ECLI:NL:GHSHE:2005:AS8557

Gerechtshof 's-Hertogenbosch

Datum uitspraak
23 februari 2005
Publicatiedatum
4 april 2013
Zaaknummer
R200400935
Instantie
Gerechtshof 's-Hertogenbosch
Type
Uitspraak
Rechtsgebied
Civiel recht; Insolventierecht
Procedures
  • Hoger beroep
Rechters
Vindplaatsen
  • Rechtspraak.nl
AI samenvatting door LexboostAutomatisch gegenereerd

Afwijzing van het verzoek tot vernietiging van faillissement en toepassing van schuldsanering

In deze zaak heeft het Gerechtshof 's-Hertogenbosch op 23 februari 2005 uitspraak gedaan in hoger beroep over de afwijzing van een verzoek tot vernietiging van een faillissement en de toepassing van de schuldsanering. De appellant, voorheen handelend onder de naam Mega-Media en pluimveebedrijf voor de agrarische loonbedrijven P.A.L., had betoogd dat de rechtbank het verzoek tot faillietverklaring had moeten schorsen, omdat er reeds een verzoek tot toepassing van de schuldsaneringsregeling was ingediend. Het hof heeft echter vastgesteld dat er geen bewijs was dat de appellant daadwerkelijk een WSNP-verzoek had ingediend bij de Centrale Informatiebalie. Dit werd ondersteund door verklaringen van de rechter-commissaris en de griffie, die bevestigden dat er geen verzoek was ontvangen.
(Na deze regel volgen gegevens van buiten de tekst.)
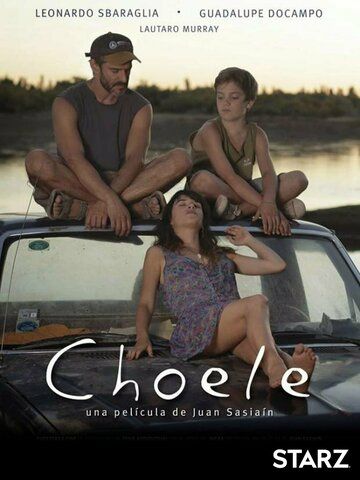 Постер фильма «Choele»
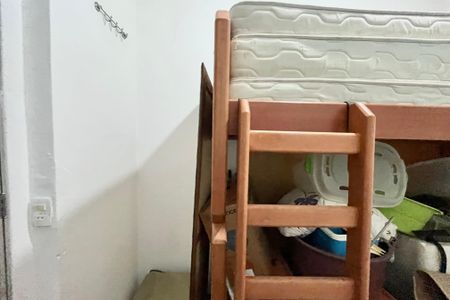 Apartamento para alugar com 280m², 5 quartos e 2 vagasQuarto de Serviço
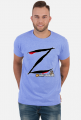 Zorro. Pada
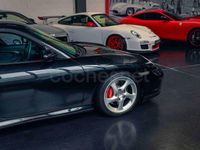 Usado Porsche 911 Carrera 4S 320 CV (235 kW) 2002 Negro Coupe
Het hof heeft de verklaringen van de appellant en de betrokken instanties zorgvuldig gewogen. De appellant had tijdens de zitting op 27 oktober 2004 expliciet verklaard geen WSNP-verzoek te hebben ingediend, wat in strijd was met zijn latere beweringen. Het hof concludeerde dat de appellant niet had aangetoond dat hij een verzoek tot schuldsanering had ingediend, en dat de argumenten die hij naar voren bracht onvoldoende waren om de eerdere verklaringen te weerleggen.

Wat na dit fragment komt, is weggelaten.